We got the news on Labor Day (how perfect) that a baby was coming in May, and I started my initiation. I even got presents, like the book, “Funny, You Don’t Look Like a Grandmother.”

Oh, and when Kennedy Renette Keith finally came, it was amazing! First, you have to wrap your head around the fact that your baby had a baby.

My son, holding his just-minutes-old baby, called me through the window of the nursery, tears in his eyes. “She looks like us,” he said, meaning our side of the family.

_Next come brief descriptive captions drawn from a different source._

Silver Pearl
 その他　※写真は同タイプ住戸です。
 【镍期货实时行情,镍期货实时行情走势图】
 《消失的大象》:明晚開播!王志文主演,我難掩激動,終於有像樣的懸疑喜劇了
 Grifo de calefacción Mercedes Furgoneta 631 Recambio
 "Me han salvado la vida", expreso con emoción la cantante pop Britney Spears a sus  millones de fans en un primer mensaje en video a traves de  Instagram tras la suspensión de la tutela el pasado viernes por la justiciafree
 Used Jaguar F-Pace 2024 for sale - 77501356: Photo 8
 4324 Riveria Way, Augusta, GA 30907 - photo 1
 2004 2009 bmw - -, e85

I’d already picked out my grandmother name, Mimi. (Yes, I have seen the funny Facebook video where the Southern women go pick out their grandmother names like choosing a piece of jewelry.) My brother, who is seven years younger than I am, called me Mimi for a few months when he couldn’t say Tammy.

This was a beautiful, big baby

(8 pounds, 10 ounces). She had hair (hallelujah!), although not as much as her daddy did at birth.

I bonded with her immediately. I could hardly tear myself away. Everything she did was amazing and was the smartest, cutest way a baby had every reacted in the history of the world.

Yes, I was passing the grandmother test with flying colors. Bragging nonstop? Check. Lots of photos to show to anyone at a second’s notice? Check.

She is the joy of my and my husband’s life. She has beautiful blue eyes and curly hair, like her mother’s. And those kissable, chubby cheeks! She often has a serious countenance, like her daddy when he was a baby.

She loves puzzles, books, books and more books, music, her dog and cat (any dog or cat), her WubbaNubs (pacifiers with stuffed animals attached) and being outside. She loves playing in the water, and she likes to drink her bath water, no matter how much we try to stop it. When she drinks from a cup, she says, “Aaaah” afterward, just like Mimi. She loves to eat — anything from guacamole to Indian food. She did not inherit her refined palate from her daddy. She is in the 99 percentile for height. She did inherit that from her daddy.

She loves to rock, and she even seems to like her Mimi’s not-so-great singing of “Wheels on the Bus” and “Jesus Loves Me.” Her Pop’s silly dancing makes her laugh.

She can howl like an ASU Red Wolf and quack like a duck (one of her first words), among a litany of animal sounds. She says thank-you often, and she blows kisses and waves to every car or jogger who goes by the house. She likes to destroy the kitchen by taking every single item out of one particular kitchen drawer and cabinet, and we let her. Of course we do.

That’s what I realized. We enjoy just watching her. I do not worry about cleaning my house or getting a thing done when I’m with her. We do not have to worry whether to let her go to Austria, what age she can date, how much candy she can have or at what age to let her get her ears pierced. The weight of her raising is not on us. That’s a relief. We just have the fun.

We are the fun.

And that’s why being a grandmother is the best ever. Until I’m a great-grandmother.